Non-short-circuit logic causes both sides of the expression to be evaluated even when the result can be inferred from knowing the left-hand side. This can be less efficient and can result in errors if the left-hand side guards cases when evaluating the right-hand side can generate an error.

Through the eyes of sonar : Collections.

Collections usage

After Exception handling, Immutable objects, Complexity, Naming and comments, let’s see what sonar can teach you about Collections.

Use Arrays As List

Use asList instead of tight loops

 final SWTBotTreeItem[] errorItemsFromNode =...
 for (int j = 0; j < errorItemsFromNode.length; j++) {		
    errorItems.add(errorItemsFromNode[j]);
 }

Can be rewritten as :

 errorItems = Arrays.asList(errorItemsFromNode)

Note that the returned list is a non modifiable list. So if another part of the code tries to modify it will receive a UnsupportedOperationException

 java.util.List errorItems = new java.util.ArraysList(Arrays.asList(errorItemsFromNode));

Performance – Inefficient use of keySet iterator instead of entrySet iterator

The following code requires to do lookup (files.get(…)) and so evaluating hashCode on the key and while iterating on a Map and the doing a lookup the map implementation

 Map<String, Map<DateTime, File>> files = ...

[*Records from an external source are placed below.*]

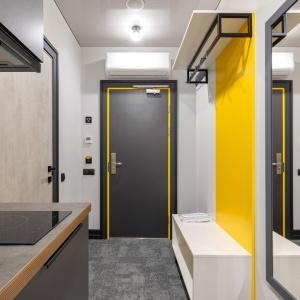Hotel Izzzi Up 4 Community L&C
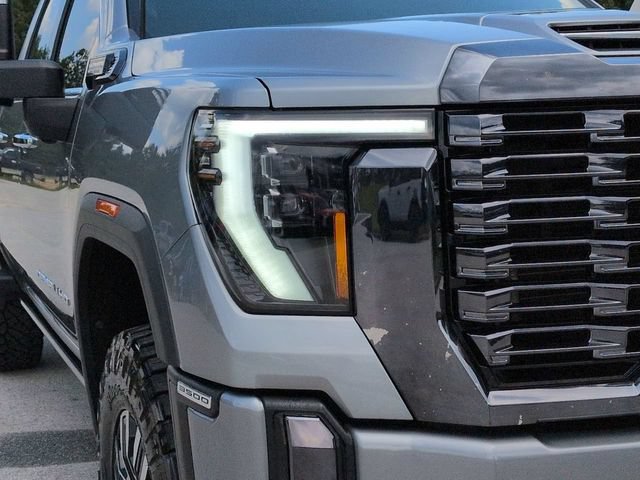 Used 2024 GMC Sierra 3500 Denali Ultimate AWD/4WD image 11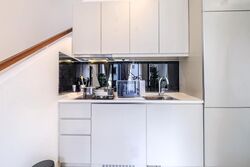 The Centren (D14), Apartment #533893361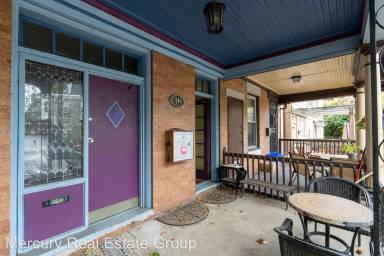 Main picture of 548 S 48th St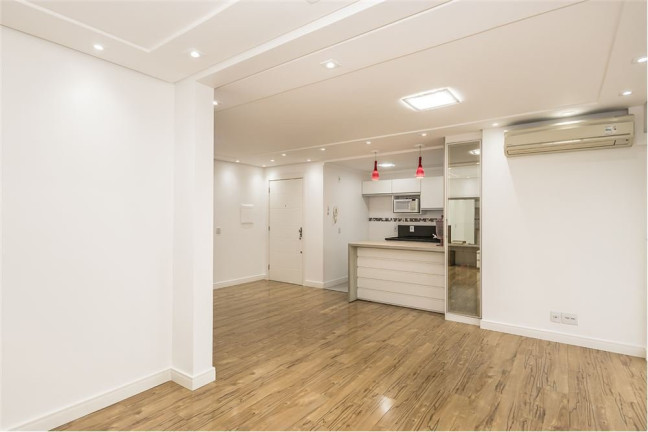 Imagem Apartamento com 3 Quartos à Venda, 83 m² em Vila Ipiranga - Porto Alegre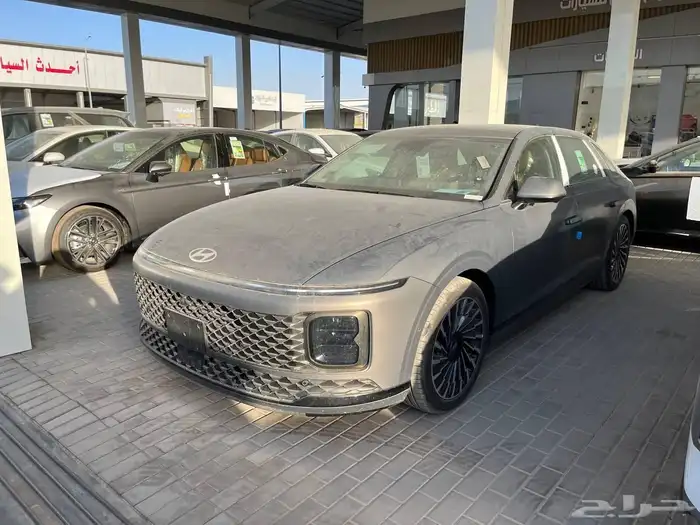 عرض خاص هيونداي ازيرا كالجراف 2024 فل كامل 3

  for (Iterator<String> iterator = files.keySet().iterator(); iterator.hasNext();) {
      final String serverName = iterator.next();			
      final Map<DateTime, File> serverStats = files.get(serverName);
      ...
  }			

You can prevent this, let’s use the entrySet() that will give you the key and associated value in a Map.Entry

Map<String, Map<DateTime, File>> files = ...
  for (Map.Entry<String, List<MailServerStats>> entry : files.entrySet()) {
      final String serverName = entry.getKey();			
      final Map<DateTime, File> serverStats = entry.getValue();
      ...
  }

Loose coupling

public class AST
   {
       private HashMap<String, Object> properties = new HashMap<String, Object>();
       
       public HashMap<String, Object> getProperties() { 
              return properties
       }
   }

Please use collection interfaces (Map, Set, List) instead of concrete implementation (HashMap, HashSet, ArrayList, LinkedList,…) :

 public class AST
   {
       private Map<String, Object> properties = new HashMap<String, Object>();
       
       public Map<String, Object> getProperties() { 
              return properties
       }
   }

This would allow you to easily switch implementation, in this case may be you want the map to be sorted.
You just need to change the new HashMap… by a new TreeMap.

Replace Vector With List

Consider replacing this Vector with the newer java.util.List
Vector synchronizes on each individual operation. That’s almost never what you want to do.
Note that Vector is synchronized… and ArrayList/LinkedList are not.
So if the synchronized nature is required in your code base
you should use Collections.synchronized

 List list = Collections.synchronizedList(new ArrayList());

Replace Hashtable With Map

Consider replacing this Hashtable with the newer java.util.Map
Hashtable synchronizes on each individual operation. That’s almost never what you want to do.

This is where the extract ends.